About me

Welcome to my portfolio! I'm Julian, a Polish-American with a multidisciplinary academic and professional background. I hold a data science MSc from Tilburg University (pending graduation), an MSc in psychology, a bachelor's in biology, and a minor in mathematics.

I specialize in deep learning, machine learning, Bayesian modeling, and spatiotemporal analysis, working primarily in Python and R. I have additional experience in SQL and visualization tools like Tableau and Power BI. I also hold a Microsoft Azure Fundamentals (AZ-900) certification.

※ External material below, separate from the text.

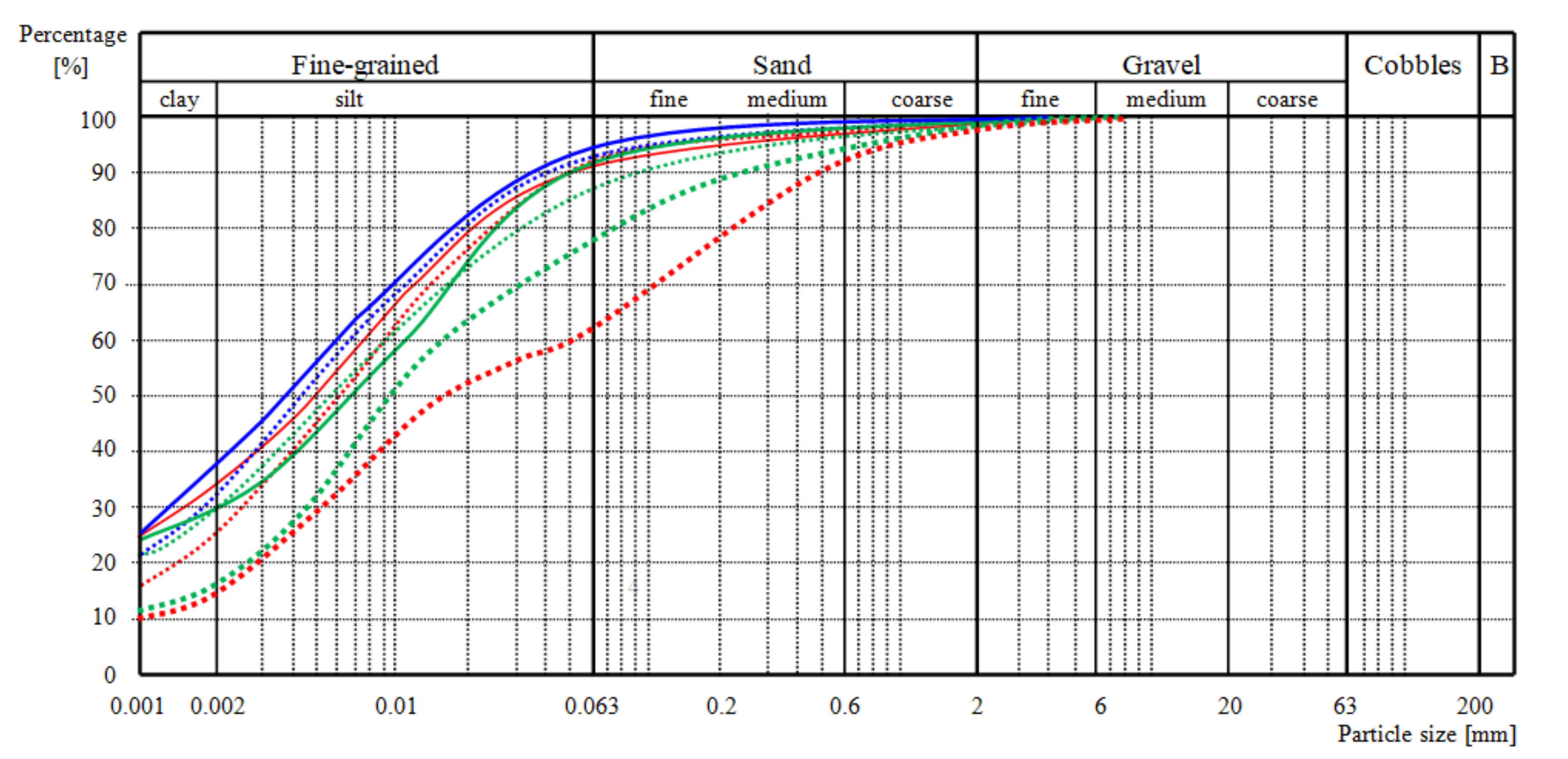 Materials 14 01179 g009 Materials 14 01179 g009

My professional experience is diverse — ranging from managing program operations and conducting exposure therapy at the McLean Hospital OCD Institute to building a candidate database at Big Other Productions. Through these roles, I’ve strengthened the communication, organizational, and administrative skills necessary to bridge the gap between technical analysis and effective decision-making.

In this portfolio you'll find projects that reflect both the breadth and depth of my experience working with complex, real-world data.

Master's Thesis

Evaluating the Utility of Synthetic T1c Brain MRI Scans Generated by GAN and Diffusion Models

My MSc Data Science & Society thesis at Tilburg University investigated whether state-of-the-art generative models can synthesize high-fidelity T1-weighted post-contrast (T1c) brain MRI scans as substitutes for missing scans in downstream glioma segmentation tasks — a clinically significant problem given how frequently T1c scans are absent from datasets due to cost and contraindications.

Four generative models were evaluated: Pix2pixRAD and SynDiff (conditional models), StyleGAN2-ADA (unconditional GAN), and a custom diffusion model, with segmentation performed using nnU-Net. Synthetic T1c from the two conditional models improved segmentation over missing T1c baselines, though enhancing tumor regions remained the most challenging to synthesize across all models. Training was conducted on NVIDIA A40 GPUs via Tilburg University's GPU4EDU program.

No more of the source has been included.